Having established this, it is then clear that $\mathrm{SL}_n(R)$ as the kernel of $\det$ only contains invertible matrices and is therefore a group by your previous arguments.

Answer 2

You can just use the (unique) explicit form of the inverse of a $2 \times 2$ matrix, which is given by $$ A^{-1}=\frac{1}{\det(A)} \begin{pmatrix}d & -b \\ -c & a \end{pmatrix} $$ and this has integer entries if $A$ has only integer entries and $\det(A)= \pm 1$.

Answer 3

Here's another approach for proving that $SL_n(\mathbb Z)$ is closed under inverses. Let $A\in SL_n(\mathbb Z)$. Consider the characteristic polynomial of $A$, $p_A(x)=\text{det}(xI_n-A)=x^n+a_{n-1}x^{n-1}+\ldots+a_1x+a_0$. Note that $a_0=p_A(0)=det(-A)=(-1)^ndet(A)=(-1)^n$ and $a_i\in\mathbb Z$. By Cayley-Hamilton theorem it follows that $p_A(A)=0$, and hence $$0=A(A^{n-1}+a_{n-1}A^{n-2}+\ldots+a_1I_n)+(-1)^nI_n,$$ which implies that $$A^{-1}=(-1)^{n+1}(A^{n-1}+a_{n-1}A^{n-2}+\ldots+a_1I_n).$$ Then necessarily $A^{-1}$ has integer coefficients.

Answer 4

Proving that $A^{−1}$ has integer entries is a bit tougher, because I don't think it is necessarily true that if $\det(A^{-1})=1$, then all of its entries are integers (though I struggle to think of a counterexample).

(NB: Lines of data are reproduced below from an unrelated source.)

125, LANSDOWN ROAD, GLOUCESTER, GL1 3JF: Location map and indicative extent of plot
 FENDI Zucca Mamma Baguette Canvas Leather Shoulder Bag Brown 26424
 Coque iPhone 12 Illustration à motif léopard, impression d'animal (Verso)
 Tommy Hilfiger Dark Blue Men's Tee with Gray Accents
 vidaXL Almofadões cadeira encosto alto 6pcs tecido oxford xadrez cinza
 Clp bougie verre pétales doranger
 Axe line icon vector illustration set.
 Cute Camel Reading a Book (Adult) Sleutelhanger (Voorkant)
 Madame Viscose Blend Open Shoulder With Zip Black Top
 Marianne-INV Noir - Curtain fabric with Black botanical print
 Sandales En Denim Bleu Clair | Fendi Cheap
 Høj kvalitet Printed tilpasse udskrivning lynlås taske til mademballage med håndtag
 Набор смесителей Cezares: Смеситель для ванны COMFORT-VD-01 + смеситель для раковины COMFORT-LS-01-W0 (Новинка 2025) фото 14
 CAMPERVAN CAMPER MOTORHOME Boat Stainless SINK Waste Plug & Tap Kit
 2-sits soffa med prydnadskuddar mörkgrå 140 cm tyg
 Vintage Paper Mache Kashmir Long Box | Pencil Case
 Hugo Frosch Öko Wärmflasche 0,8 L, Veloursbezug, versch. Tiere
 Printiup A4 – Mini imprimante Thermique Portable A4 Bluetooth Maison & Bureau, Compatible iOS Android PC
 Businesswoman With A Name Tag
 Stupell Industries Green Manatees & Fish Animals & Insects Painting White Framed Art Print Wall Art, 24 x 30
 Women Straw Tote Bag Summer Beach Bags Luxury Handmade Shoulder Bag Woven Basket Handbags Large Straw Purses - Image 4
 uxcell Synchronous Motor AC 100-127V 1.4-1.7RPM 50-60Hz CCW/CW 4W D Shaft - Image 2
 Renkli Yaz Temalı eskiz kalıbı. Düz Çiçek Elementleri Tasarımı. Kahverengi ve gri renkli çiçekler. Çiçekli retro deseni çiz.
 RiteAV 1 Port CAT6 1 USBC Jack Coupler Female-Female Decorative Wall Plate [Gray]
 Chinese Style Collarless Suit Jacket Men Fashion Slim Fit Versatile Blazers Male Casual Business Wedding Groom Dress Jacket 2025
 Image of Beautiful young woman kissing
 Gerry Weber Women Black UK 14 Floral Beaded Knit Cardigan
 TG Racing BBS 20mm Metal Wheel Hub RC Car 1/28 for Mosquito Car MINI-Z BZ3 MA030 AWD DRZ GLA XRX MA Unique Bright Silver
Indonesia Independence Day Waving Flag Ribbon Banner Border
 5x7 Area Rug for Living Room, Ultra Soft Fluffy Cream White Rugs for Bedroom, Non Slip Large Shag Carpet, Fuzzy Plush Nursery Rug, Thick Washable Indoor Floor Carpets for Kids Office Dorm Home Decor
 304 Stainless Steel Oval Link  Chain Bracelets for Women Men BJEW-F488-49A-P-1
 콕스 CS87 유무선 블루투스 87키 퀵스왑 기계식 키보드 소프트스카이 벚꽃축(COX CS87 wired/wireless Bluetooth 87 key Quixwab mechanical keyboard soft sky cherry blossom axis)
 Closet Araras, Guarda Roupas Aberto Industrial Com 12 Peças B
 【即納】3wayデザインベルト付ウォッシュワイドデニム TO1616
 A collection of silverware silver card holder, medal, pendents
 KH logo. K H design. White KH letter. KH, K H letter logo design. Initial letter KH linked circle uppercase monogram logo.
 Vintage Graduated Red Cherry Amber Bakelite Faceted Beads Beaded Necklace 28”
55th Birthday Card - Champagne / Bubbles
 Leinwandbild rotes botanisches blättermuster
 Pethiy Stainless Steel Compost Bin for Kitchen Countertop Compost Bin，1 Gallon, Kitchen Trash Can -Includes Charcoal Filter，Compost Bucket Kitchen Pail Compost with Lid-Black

This logic is not valid. There is no such counterexample. If $A$ is in $SL_2(\Bbb Z)$, then we cannot find a counterexample, because actually $SL_2(\Bbb Z)$ is a group, as we know.

If $A\in M_2(\Bbb Z)$ just satisfies $\det(A^{-1})=1$, then we have $\det(A)\det(A^{-1})=\det(AA^{-1})=\det(I)=1$, so that $\det(A^{-1})=1$ implies also $\det(A)=1$, i.e., $A\in SL_2(\Bbb Z)$. So there is no counterexample.

If you drop the condition that $A$ has integer coefficients, and only require $\det(A^{-1})=1$, then of course you can take $$ A=\begin{pmatrix} \frac{1}{2} & 0 \cr 0 & 2\end{pmatrix}. $$